Of course, as the article itself points out, telling the story of Pong isn’t exactly treading new ground. It was a massive breakthrough moment, and has been understandably scrutinized pretty thoroughly by countless enthusiasts and scholars over the past quarter-century. What Matt Barton and Bill Loguidice are trying to do, however, is put the game in its proper context and show that it wasn’t just a random flash of brilliance:

[Nolan] Bushnell and [Al] Alcorn, much like Jobs and Wozniak (the two Steves who founded Apple), are cultural heroes who are too often portrayed as mad scientist-types, geniuses who woke up one morning, shouted “Eureka!” and went about creating the world’s first video games and personal computers, respectively.

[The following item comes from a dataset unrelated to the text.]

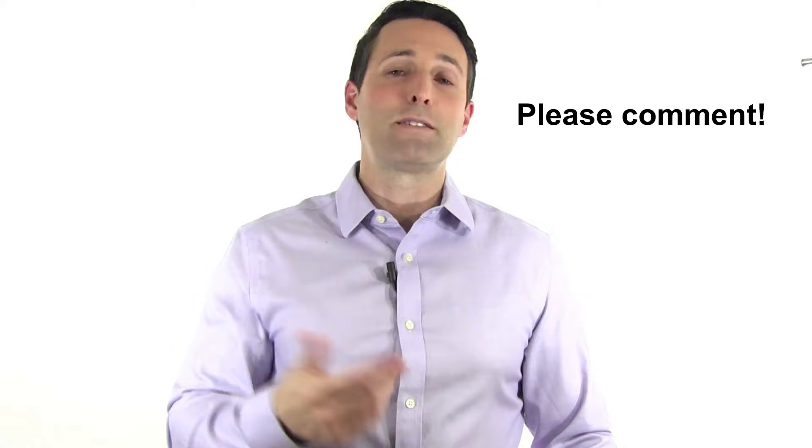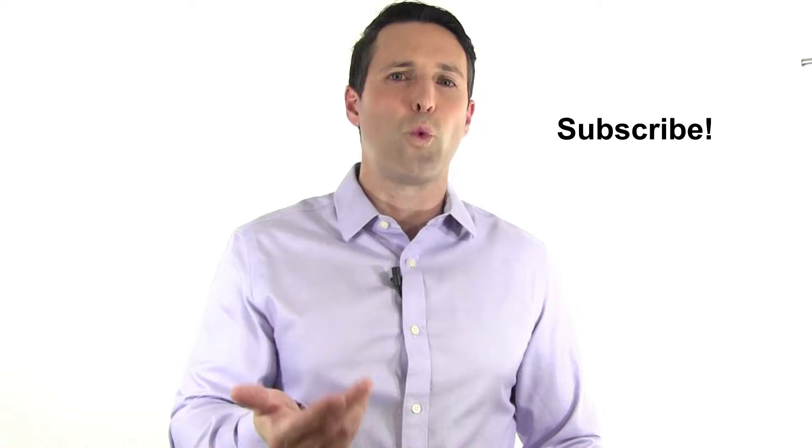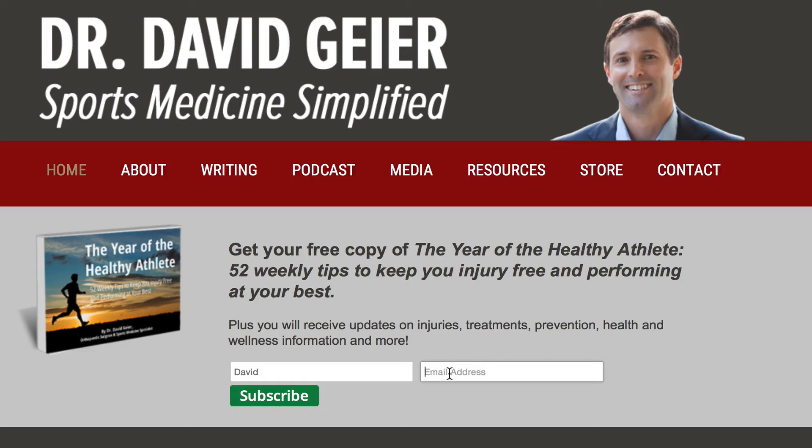If you have friends or family that have had ankle fractures, or maybe you're going to undergo ankle fracture surgery in the near future, share this video with them — I'd be really appreciative, and I hope it can help them as they prepare or recover from surgery. If you like videos like this and want more information on injuries, treatments, and prevention in sports and exercise, subscribe to my channel. I record these about once or twice a week. Last, if you want more resources on staying healthy and performing your best, go to my website drdavidguyer.com and sign up for my email list — it's completely free. Thank you so much for watching, and I look forward to seeing you in another Ask Dr. Geyer video.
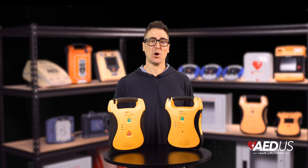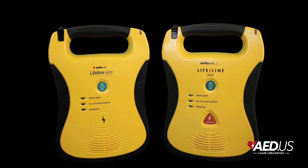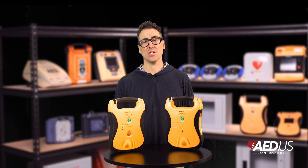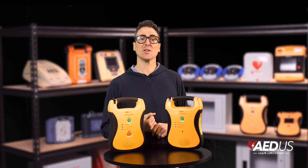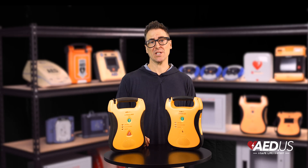The Lifeline AED also offers a long-life battery for extended reliability. The battery options provide up to seven years of standby life, ensuring the device is always ready when you need it.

In this case, “context” includes going back to the days of World War II and the creation of ENIAC: a machine built to aid in calculating ballistic firing tables, which up until that point had been done manually by female mathematicians called – wait for it – “computers.”

If you’ve got 15-20 minutes to burn, it’s a pretty interesting read. Perhaps the next time you play a visually stunning game like Crysis, you’ll remember that it wouldn’t exist if it weren’t for Pong – which itself might not have existed if it hadn’t been for the right things falling into the right places at the right time.

Also, you now have the “Bleep … bloop” sound effects stuck in your head.